End-to-end disaster recovery DATAVERKET 026

Proposed Infrastructure Recovery Disaster recovery Availability Backup Failover

Defines end-to-end disaster recovery as a platform-wide capability spanning control-plane state, workflow transport, secrets, and operator recovery workflows.

Author
Lars Solem
Updated

Status

Proposed on 2026-03-14 by Lars Solem.

Context

Dataverket already has a multi-datacenter failover model, PostgreSQL backup expectations, and storage durability guidance.

What is still missing is an explicit end-to-end disaster recovery posture across the whole platform. Failover and disaster recovery are related, but they are not the same thing.

A service may fail over while still losing state, and a platform may recover data without being able to resume control-plane operation quickly. The architecture needs one clear DR frame that spans those cases.

Decision

Dataverket treats disaster recovery as an explicit platform-wide capability, not a database-only concern.

The disaster recovery model must cover:

  • control-plane state recovery
  • workflow transport recovery
  • inventory and approval state recovery
  • infrastructure configuration recovery
  • secrets and credential-store recovery
  • product-specific data recovery expectations

DR versus failover

Dataverket distinguishes clearly between:

  • Failover Moving active responsibility to another site or component during an outage.

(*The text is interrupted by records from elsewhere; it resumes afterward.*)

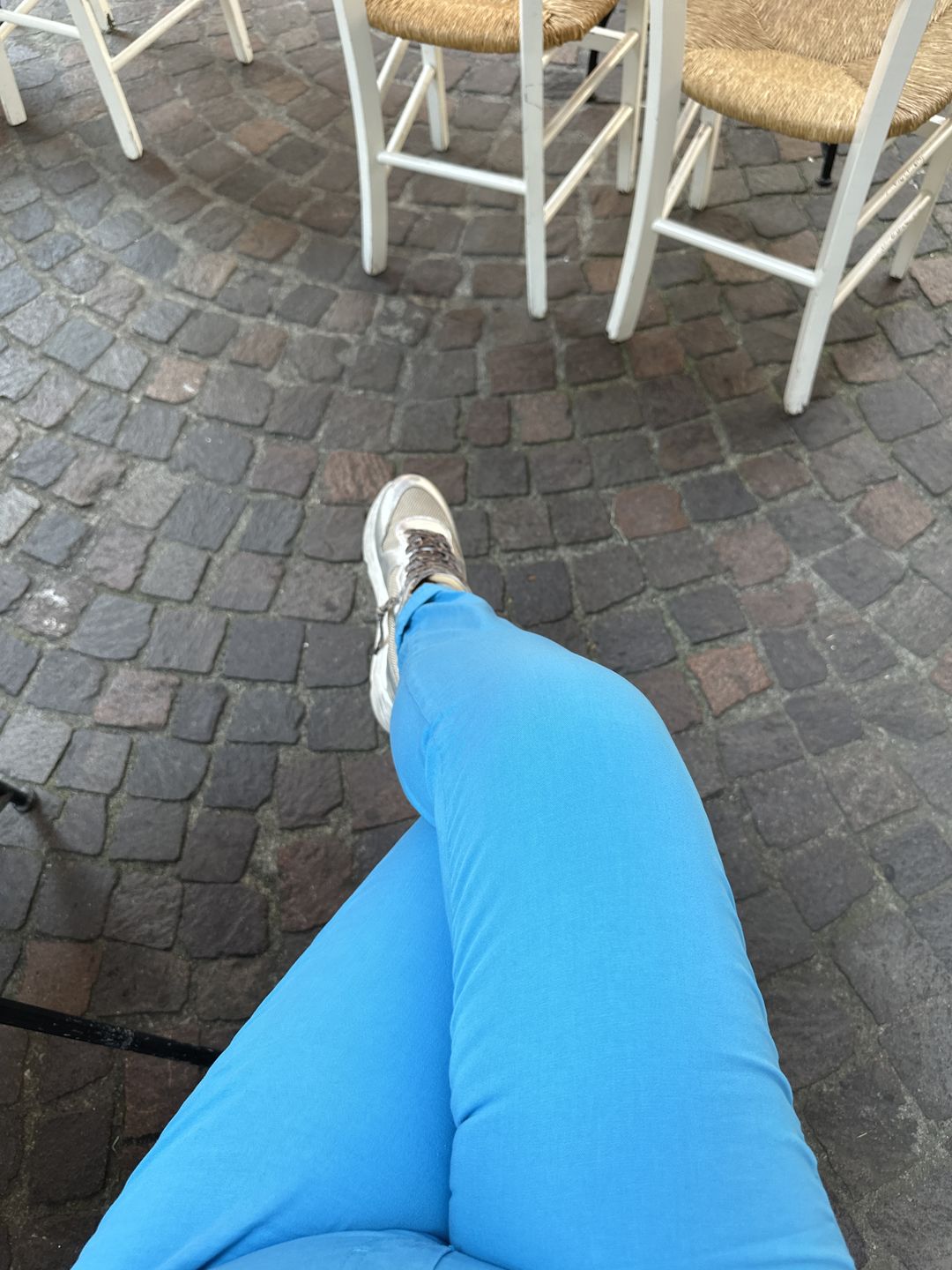 Customer photo review of ARTURO - Estivo - Pantalone push-up 5 tasche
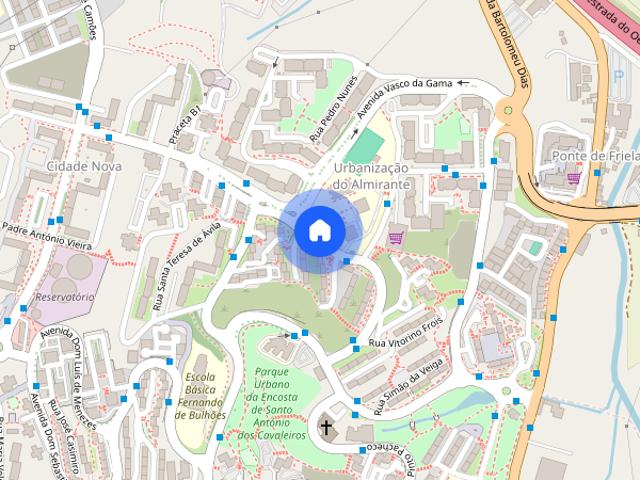 Apartamento alugar em Ponte de Frielas, Santiago Dos Velhos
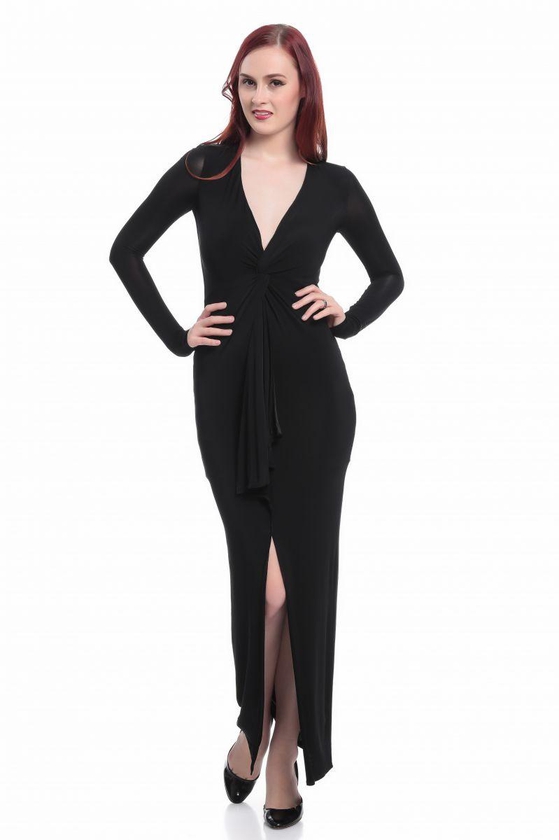 Bebe Black Polyester Special Occasion Dress For Women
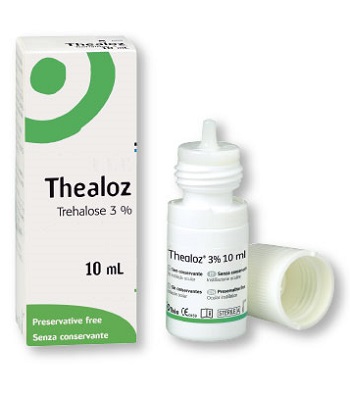 THEALOZ SOLUZIONE OCULARE FLACONE 10ML - Luckyfarma.it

  • Disaster recovery Restoring platform capability and data after loss, corruption, or extended unavailability.

The platform must not use those terms interchangeably.

DR scope

The DR posture must account for at least:

  • PostgreSQL control-plane databases
  • NATS JetStream durable workflow state
  • inventory graph and trust state
  • pending approvals and operator workflow state
  • Talos machine and cluster configuration inputs
  • storage and persistence metadata
  • secrets backend state
  • network intent and rendered configuration history

Recovery classes

The platform should classify recovery needs at least into:

  1. Control-plane critical Services without which operators lose control or visibility.

  2. Platform capability critical Services required to provision, recover, or host tenant workloads.

  3. Tenant data critical Product-specific data with explicit durability and recovery expectations.

This helps avoid pretending every system needs the same RPO and RTO.

For PostgreSQL-backed control-plane state, these classes should be applied per bounded context or service database rather than once for “the cluster” as a whole.

Backup requirements

Backups must be:

  • regular
  • observable
  • restorable
  • scoped to the systems they protect
  • aligned with actual recovery priorities

Backups that cannot be restored under test conditions do not satisfy the DR requirement.

Recovery workflow requirements

The platform must define recovery workflows for:

  • control-plane rebuild or restore
  • database restore and promotion
  • JetStream restore or recovery path
  • secrets backend restore
  • inventory and approval state restore
  • operator recovery visibility during degraded conditions

Recovery should be modeled as an operational workflow, not as tribal knowledge.

Recovery claims should also be exercised in test environments that can simulate site loss, cross-site rebuild, and delayed restoration rather than relying only on document review.

Multi-datacenter requirements

Because Dataverket is multi-datacenter, DR must explicitly define:

  • what survives the loss of one datacenter
  • what must be restored from backup rather than failed over
  • whether recovery happens in-place, cross-site, or by rebuilding elsewhere
  • what operator actions are required during site loss

The platform should never imply that “multi-datacenter” automatically means “fully disaster-proof”.

Exercising recovery

The DR posture must include recurring exercises for:

  • loss of one datacenter
  • restore from backup when failover is not sufficient
  • promotion or rebuild in an alternate site
  • operator runbook execution during partial or prolonged outage

These exercises may use simulation or staged environments rather than production, but they must be realistic enough to validate the stated recovery path.

Operator visibility requirements

Operators must be able to answer:

  • what data and state are protected
  • where backups or replicas exist
  • what the expected recovery path is
  • which systems are currently in a recoverable versus non-recoverable posture

DR posture must be inspectable, not assumed.

Explicit non-decisions for now

This ADR intentionally does not yet choose:

  • exact RPO and RTO targets
  • exact backup tooling across all domains
  • exact cross-site restore orchestration
  • exact product-specific DR guarantees

Those require later selection and product-specific ADRs.

Consequences

  • disaster recovery is now wider than PostgreSQL alone
  • platform claims about resilience must be backed by actual recovery design
  • service teams must think about recoverability as part of architecture, not only availability

Decision Outcome

Proposed. This ADR records the current preferred direction and still needs acceptance before it becomes binding.

More Information

  • RPO and RTO targets by recovery class
  • JetStream backup and recovery strategy
  • secrets backend backup and recovery strategy
  • infrastructure configuration backup and restore strategy

Audit

  • 2026-03-14: ADR proposed.